J(π) = Σ_t E_{(s_t,a_t)~ρ_π} [ r(s_t, a_t) + α · H(π(·|s_t)) ]
     = Σ_t E [ r(s_t, a_t) - α · log π(a_t | s_t) ]

Soft Q-function (Bellman equation):

Q(s_t, a_t) = r(s_t, a_t) + γ · E_{s_{t+1}} [ V(s_{t+1}) ]
V(s_t) = E_{a~π} [ Q(s_t, a) - α · log π(a | s_t) ]

Critic loss (twin Q-networks):

L_Q(φ_i) = E_{(s,a,r,s')~D} [ (Q_{φ_i}(s,a) - y)² ]
y = r + γ · ( min_{j=1,2} Q_{φ_j'}(s', a') - α · log π_θ(a'|s') )
where a' ~ π_θ(·|s')

Actor loss (reparameterization trick):

L_π(θ) = E_{s~D} [ E_{a~π_θ} [ α · log π_θ(a|s) - Q_φ(s, a) ] ]

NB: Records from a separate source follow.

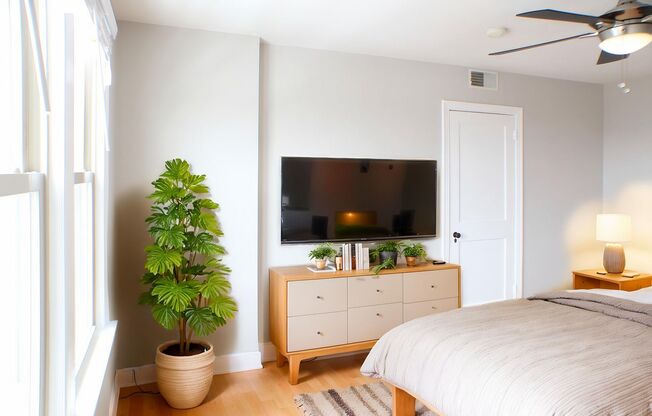 THE BROOKLAND |Top Floor Apt in Boutique Bldg |1 Bd | Brookland
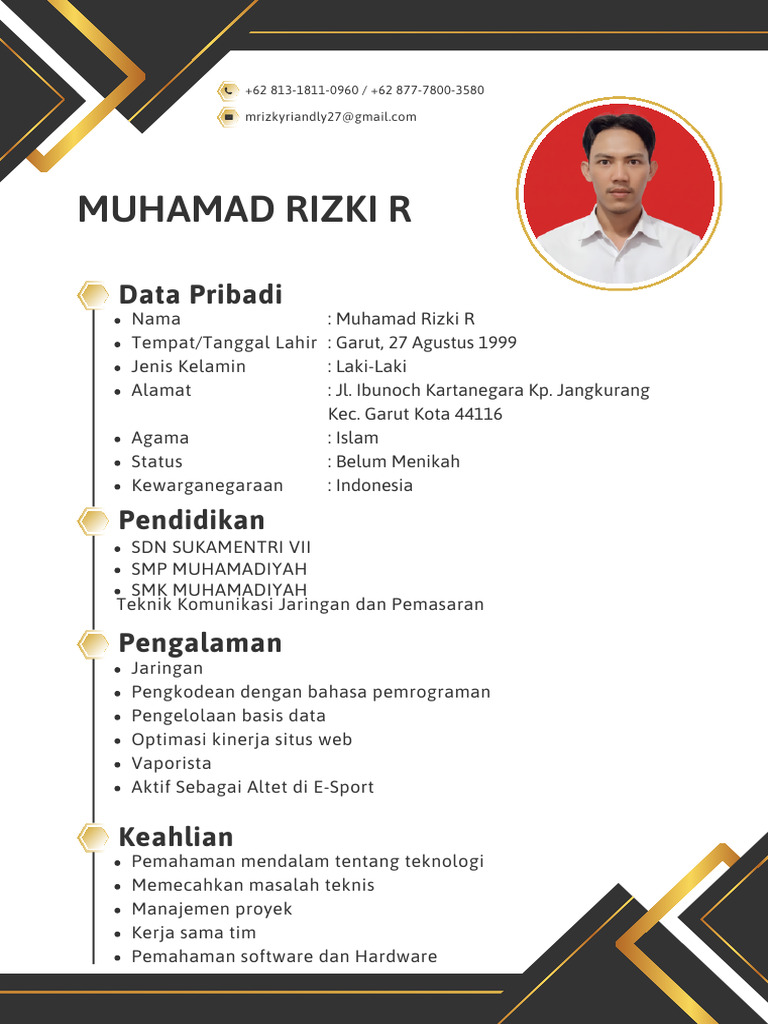 Profil Profesional Muhamad Rizki R | PDF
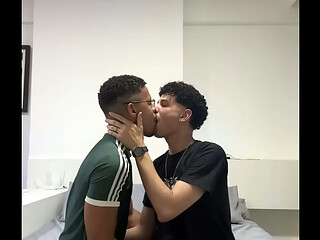 Fudendo o putinho de calcinha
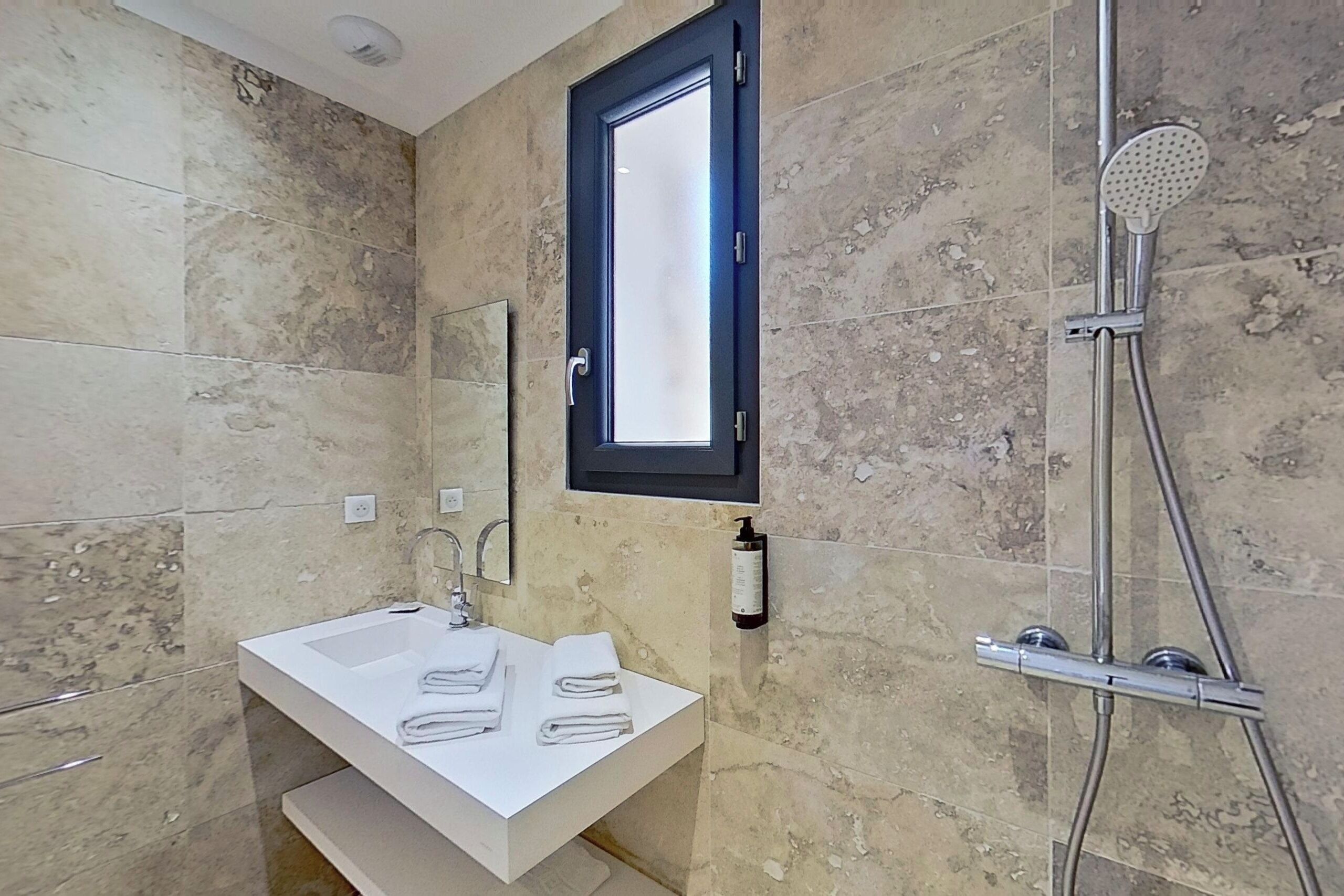 Deluxe Villa, 2 Bedrooms, Private Pool, Mountain View | Bathroom | Shower, hair dryer, towels, soap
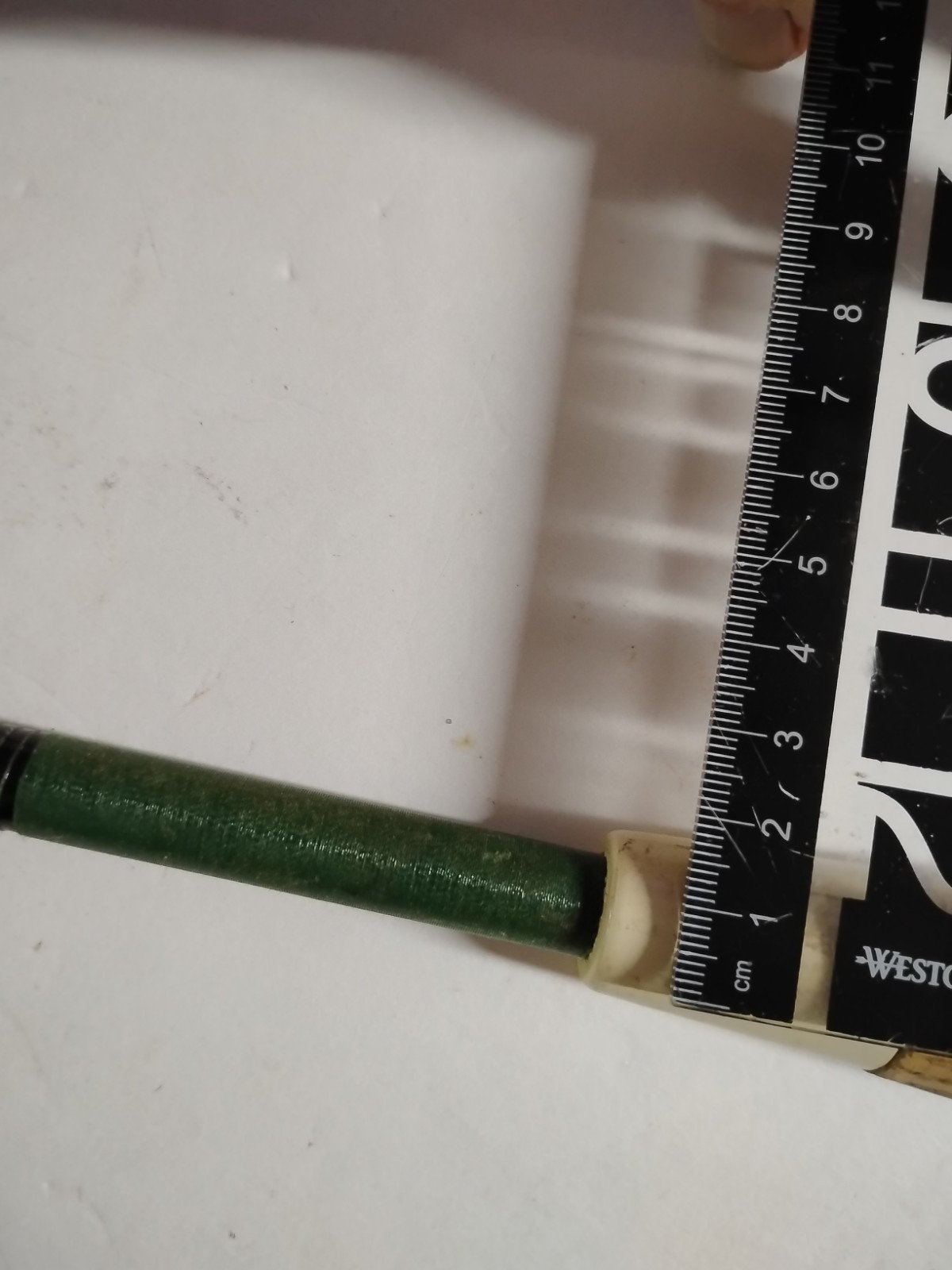One Piece 6′ 4″ 20-50 Lb Heavy Duty Rod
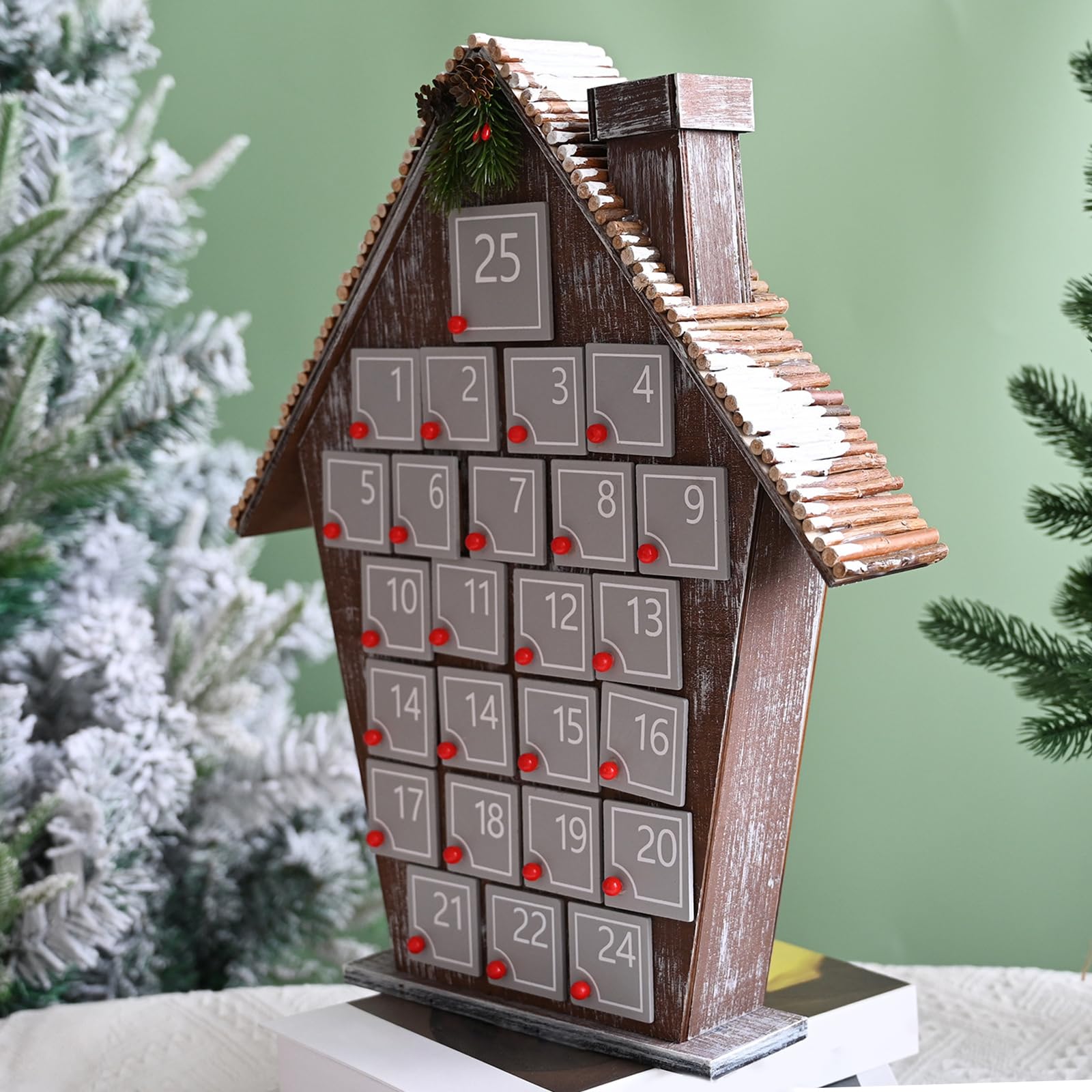 Calendario de Adviento de madera de cuenta regresiva de Navidad, calendario de Adviento único de casas de madera con piñas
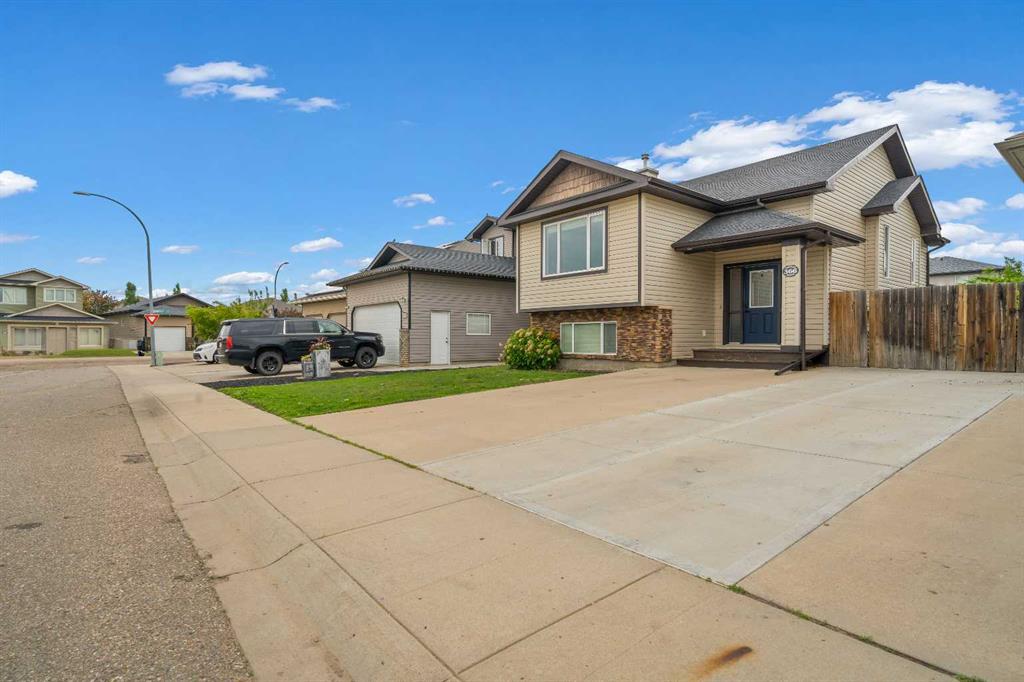 366 Somerset Row SE, A2321938, Alberta,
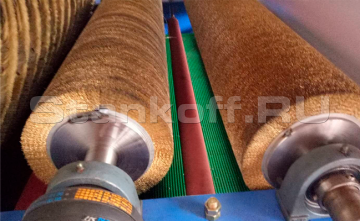 Вал с металлической щеткой 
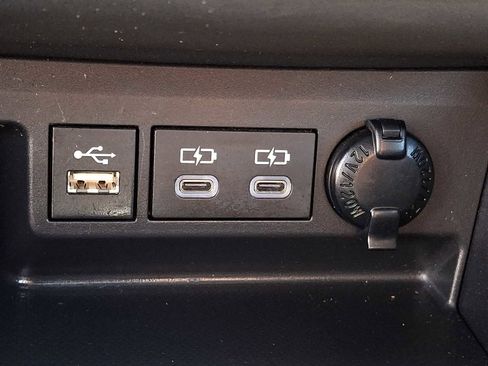 Used 2023 Toyota Highlander XLE AWD/4WD image 22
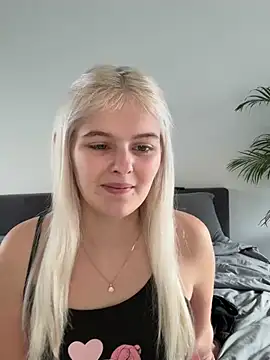 Allylove03 online show from 12.30.24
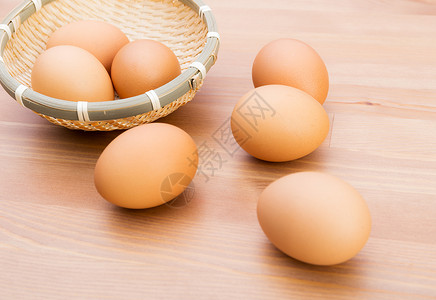 篮子中的棕蛋农业木头食物绿色蛋壳团体农场早餐脆弱性产品背景图片
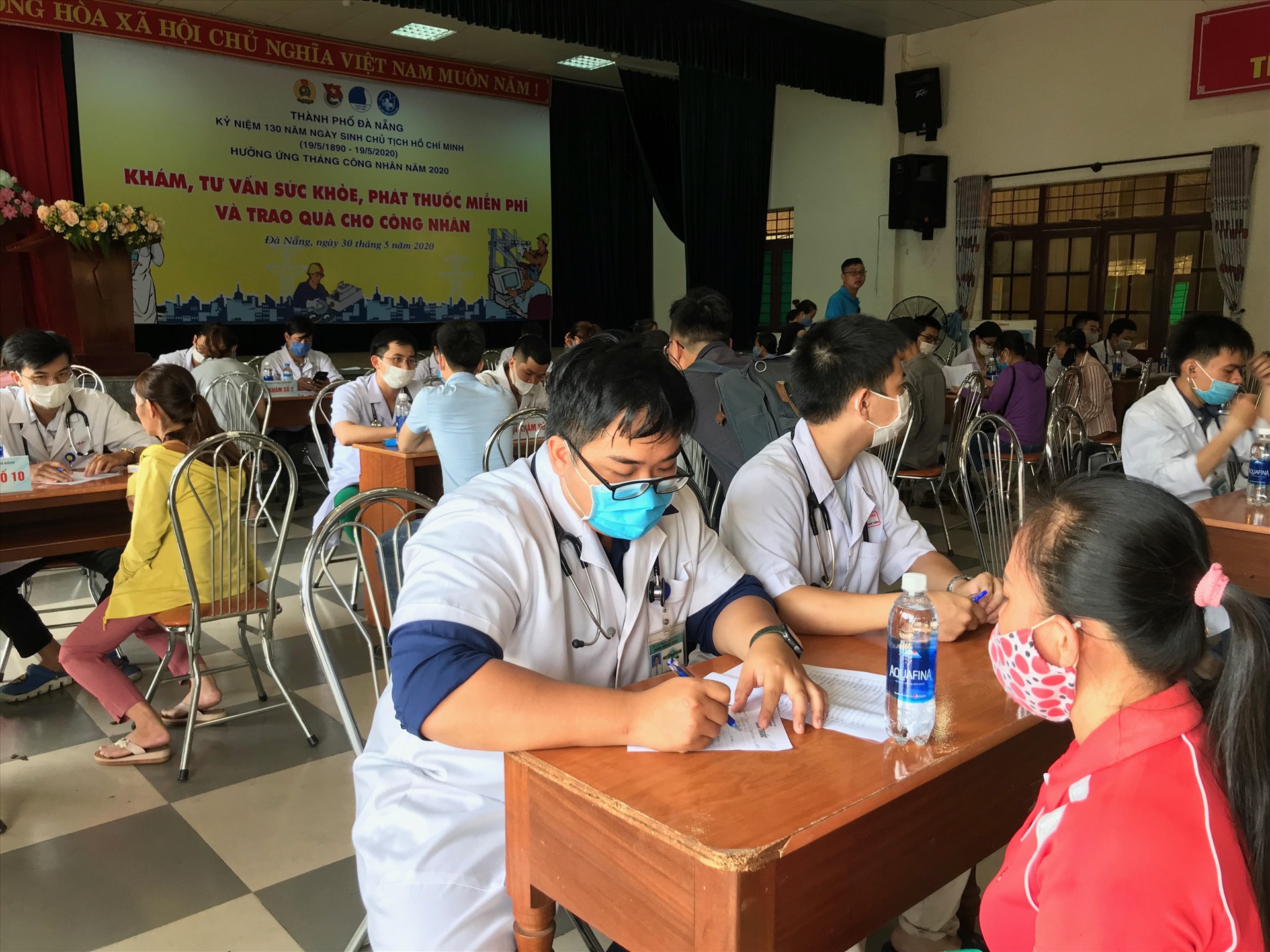 Gần 1000 lao động được khám bệnh và phát thuốc miễn phí. Ảnh: Tường Minh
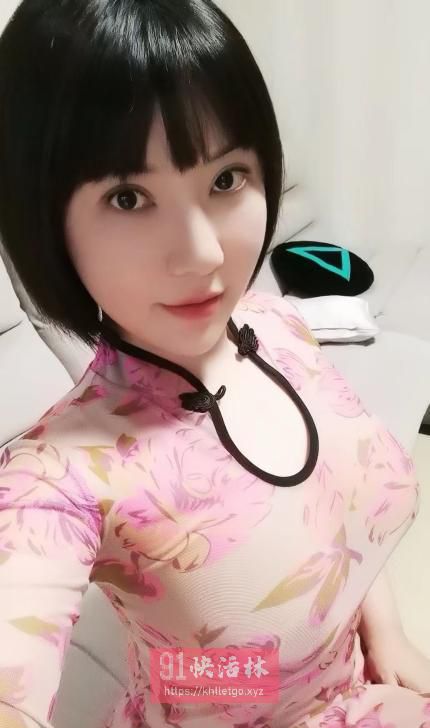 南京虹悦城佩妮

Automatic temperature tuning:

L(α) = E_{a~π} [ -α · ( log π(a|s) + H_target ) ]
where H_target = -dim(A)  (heuristic)

Properties

  • Off-policy, model-free
  • Actor-critic with twin Q-networks (clipped double-Q)
  • Continuous action spaces (Gaussian policy with tanh squashing)

Key Hyperparameters

Parameter Typical Value Notes
α (temperature) Auto-tuned Or fixed at 0.2
γ 0.99 Discount factor
τ (target net) 0.005 Polyak averaging
Replay buffer 1e6 Transitions
Batch size 256 Per gradient step
Learning rate 3e-4 (Adam) Actor and critics
H_target -dim(A) Entropy target
UTD ratio 1 Gradient steps per env step

Complexity

  • Time per update: O(B × C_forward) — single gradient step per env step (or more with higher UTD)
  • Memory: O(|D| × (d_obs + d_act + 1)) for replay buffer + 5 networks (actor, 2 critics, 2 targets)
  • Sample efficiency: High — typically 10-100x fewer env interactions than PPO

Primary Use Cases

  • Continuous control: MuJoCo benchmarks (state-of-art or competitive)
  • Robotics: Real-world manipulation (Berkeley), locomotion
  • Autonomous driving research
  • Any task where sample efficiency matters and actions are continuous

Known Limitations

  1. Continuous actions only — SAC-Discrete exists but is less popular
  2. Replay buffer memory can be prohibitive for high-dimensional observations
  3. Entropy bonus can cause over-exploration
  4. Sensitive to reward scale (auto-tuning helps but isn't perfect)
  5. Q-value overestimation can still occur despite twin critics
  6. Not trivially parallelizable across environments (unlike PPO)

Major Variants

Variant Reference Key Change
SAC v2 Haarnoja et al., 2018 Automatic temperature tuning
REDQ Chen et al., ICLR 2021 Ensemble of Q-functions, high UTD
DroQ Hiraoka et al., 2022 Dropout on Q-networks
CrossQ Bhatt et al., ICLR 2024 Batch norm across critics, no target nets
SAC-N N-critic ensemble

Relationship to Other Algorithms

  • Competes with TD3 for continuous control; generally preferred for auto-exploration
  • Off-policy nature contrasts with PPO — more sample-efficient but harder to scale
  • Can be combined with Dreamer-style world models for even higher sample efficiency
  • Shares twin Q-network trick with TD3 (SAC adopted it from TD3)

Industry Deployment

  • Robotics labs: Berkeley, Google DeepMind (manipulation)
  • SB3: Default off-policy algorithm
  • Google: MT-Opt (real-robot learning at scale)